▶ **GIVEN DATA**
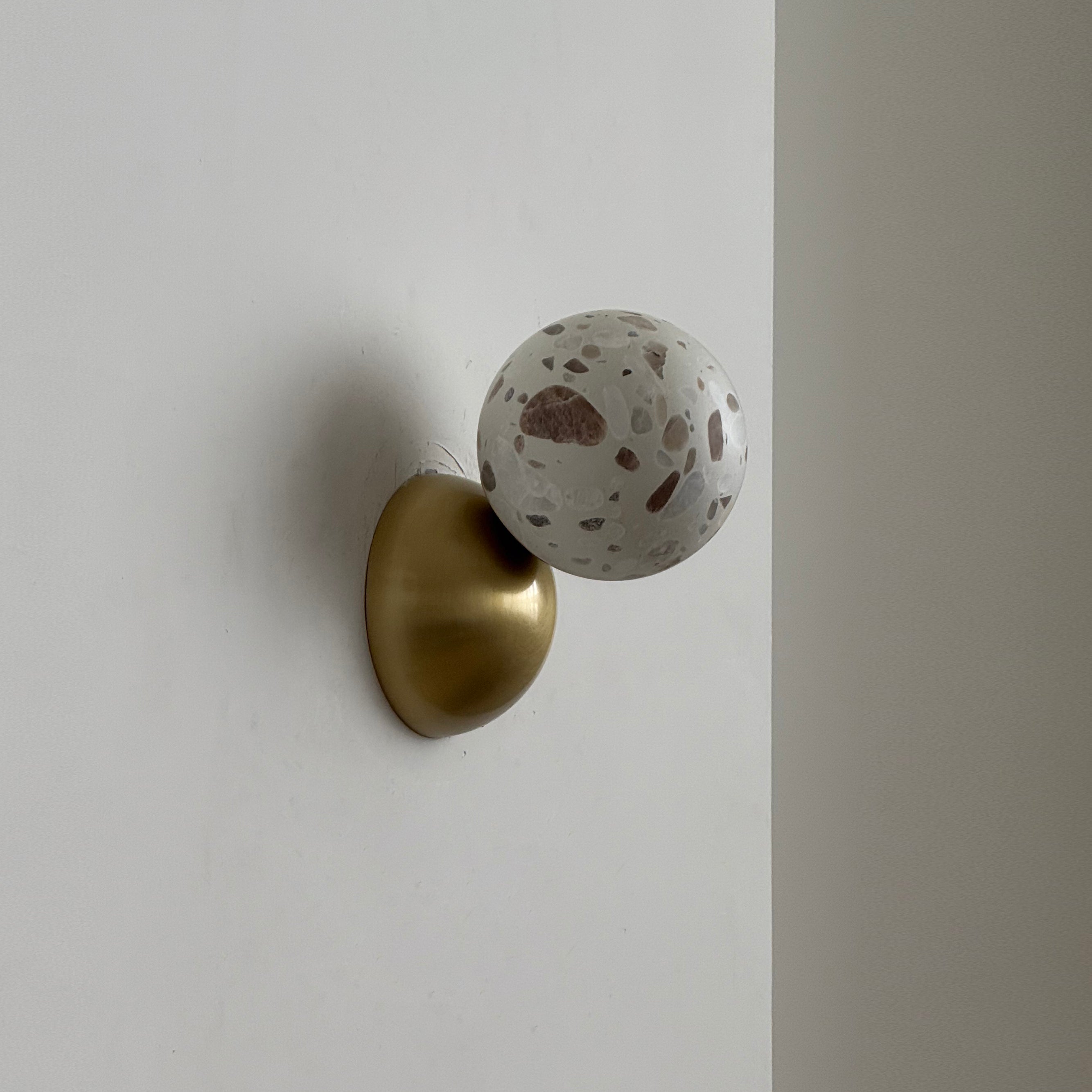 Arca Modern Minimalist Eclipse Mrable Metal Wall Lamp - Letslighting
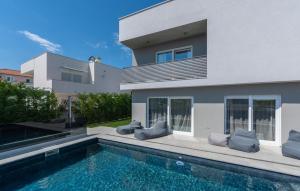 una casa con piscina delante de una casa en Villa Athos, en Karigador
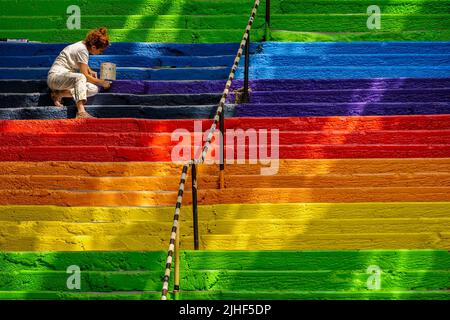 Ein Mädchen malen Regenbogen Treppen in Galatasaray Istanbul, Istanbul, Türkei. Stockfoto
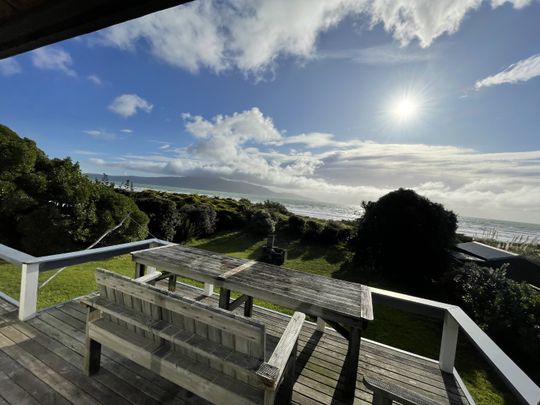 Dream Retreat on Waikanae Beach - Photo 1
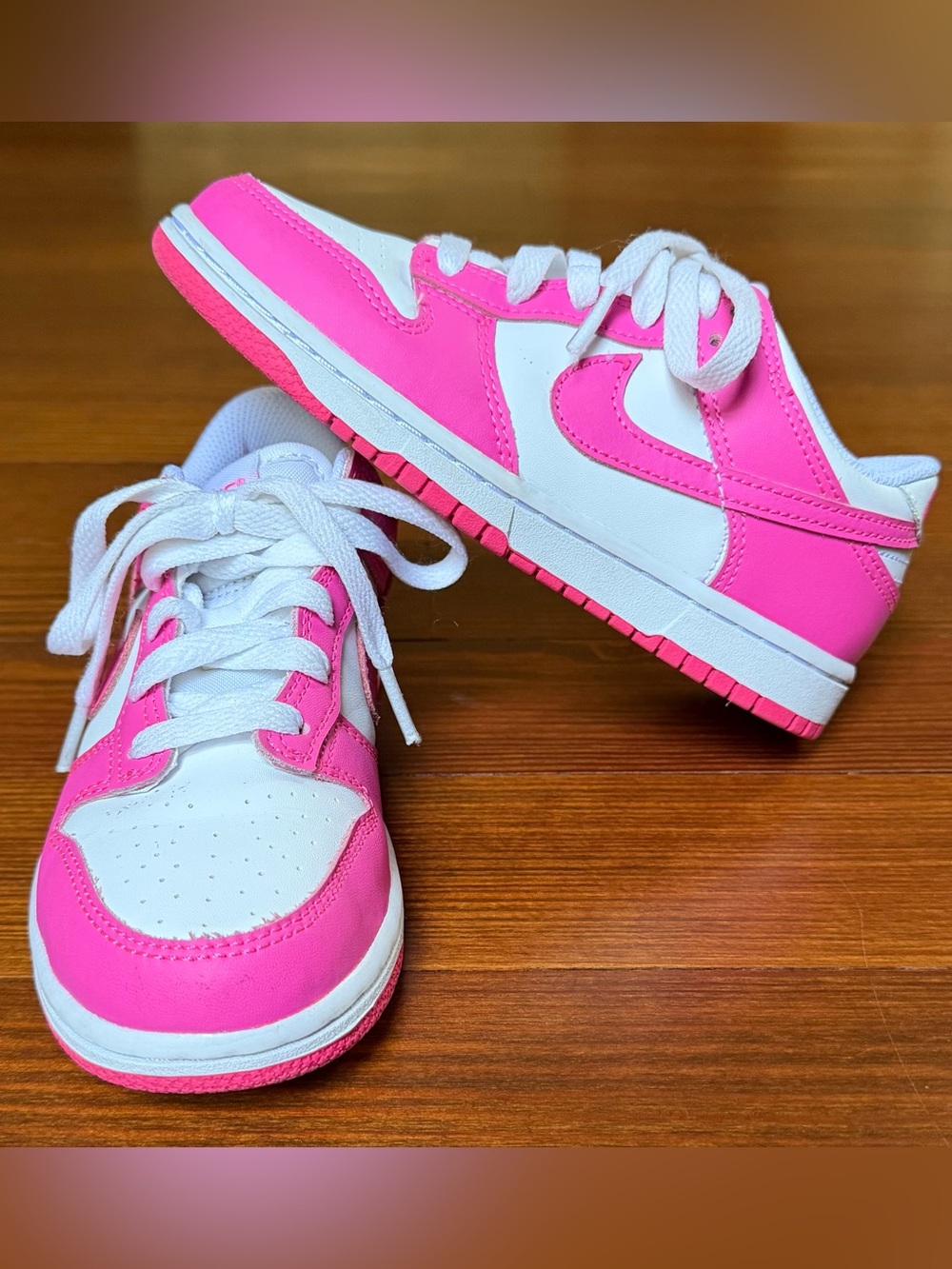 Nike Dunk Low Toddler Girls Size 1Y Pink White Sneakers EUC Trendy
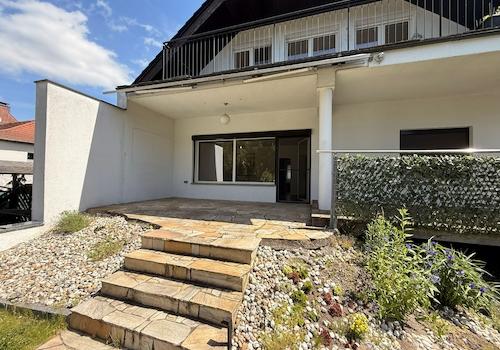 Stufen zur Terrasse am Haus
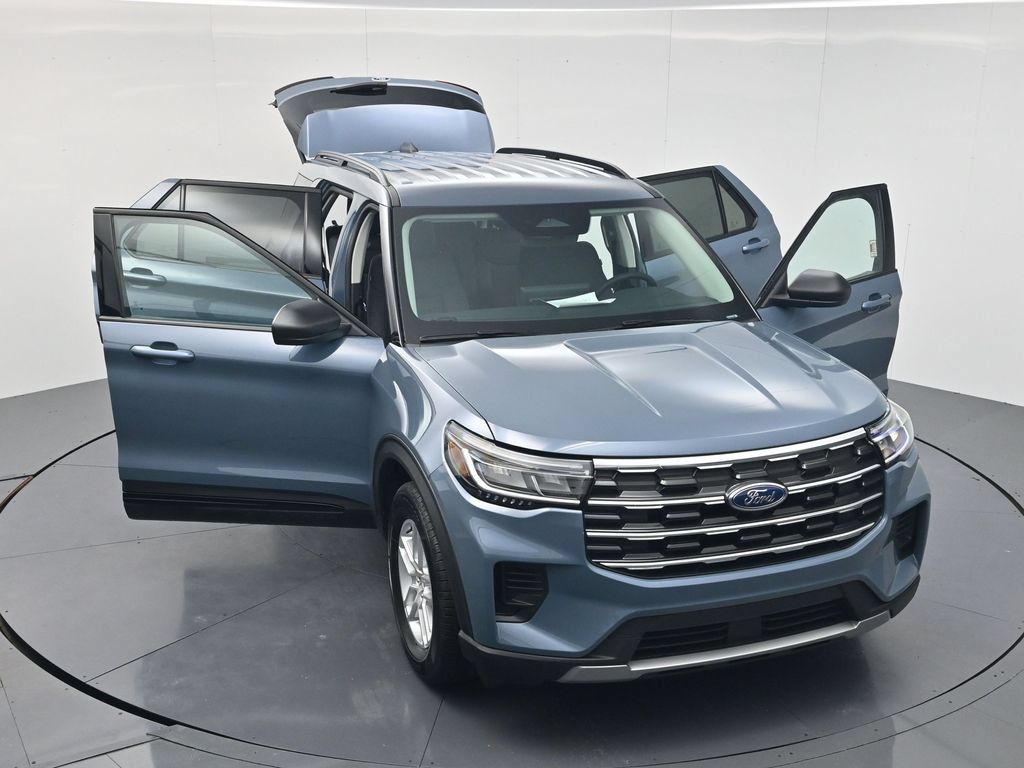 Used 2026 Ford Explorer Active AWD/4WD image 53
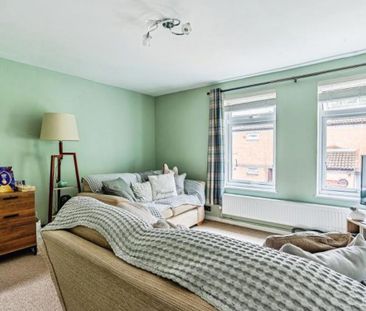 A well-presented one bedroom first floor apartment located in a qui... - Photo 2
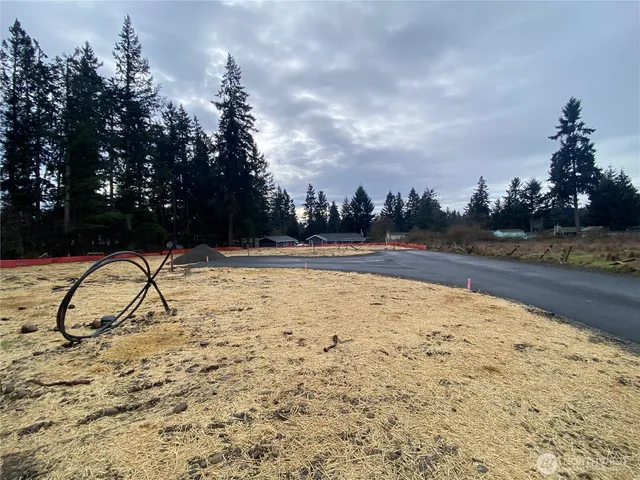 $240,000 | 16009 67th Avenue East, Puyallup, WA 98375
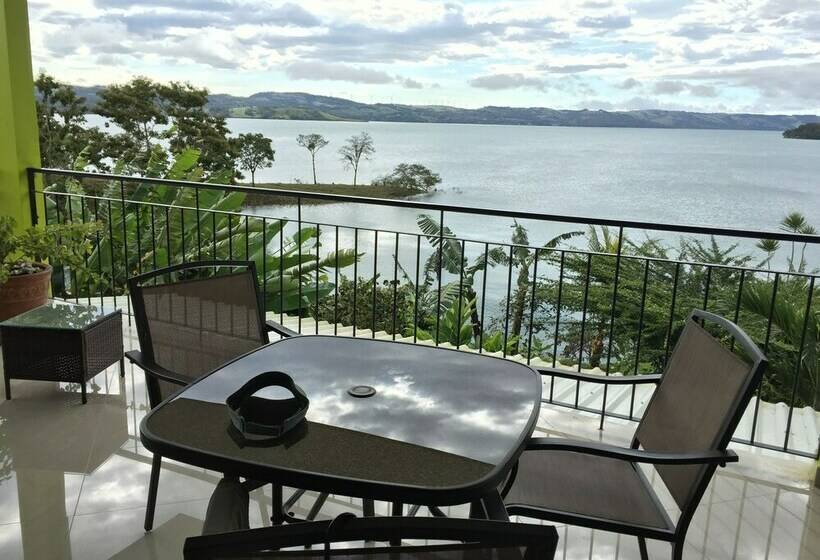 디럭스 스튜디오, Bluebay Bugenvil Lake Lodge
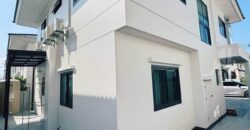 Supalai Park Ville Sukhumvit-Pattaya 3-Bedroom House For Rent | Nong Prue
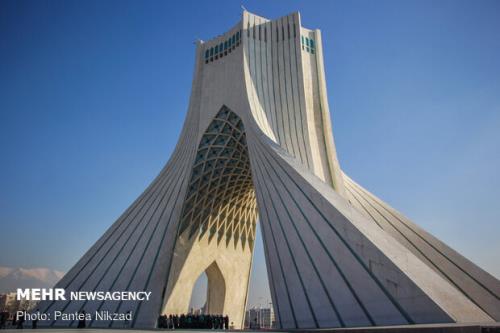 بازدید از برج آزادی در روز زن مجانی شد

▶ **INSTRUCTIONS TO FOLLOW**
Repeat the material exactly, without images.

▶ **THE COMPLETED TASK**
 Arca Modern Minimalist Eclipse Mrable Metal Wall Lamp - Letslighting
 una casa con piscina delante de una casa en Villa Athos, en Karigador
 Ein Mädchen malen Regenbogen Treppen in Galatasaray Istanbul, Istanbul, Türkei. Stockfoto
 Dream Retreat on Waikanae Beach - Photo 1
 Nike Dunk Low Toddler Girls Size 1Y Pink White Sneakers EUC Trendy
 Stufen zur Terrasse am Haus
 Used 2026 Ford Explorer Active AWD/4WD image 53
 A well-presented one bedroom first floor apartment located in a qui... - Photo 2
 $240,000 | 16009 67th Avenue East, Puyallup, WA 98375
 디럭스 스튜디오, Bluebay Bugenvil Lake Lodge
 Supalai Park Ville Sukhumvit-Pattaya 3-Bedroom House For Rent | Nong Prue
 بازدید از برج آزادی در روز زن مجانی شد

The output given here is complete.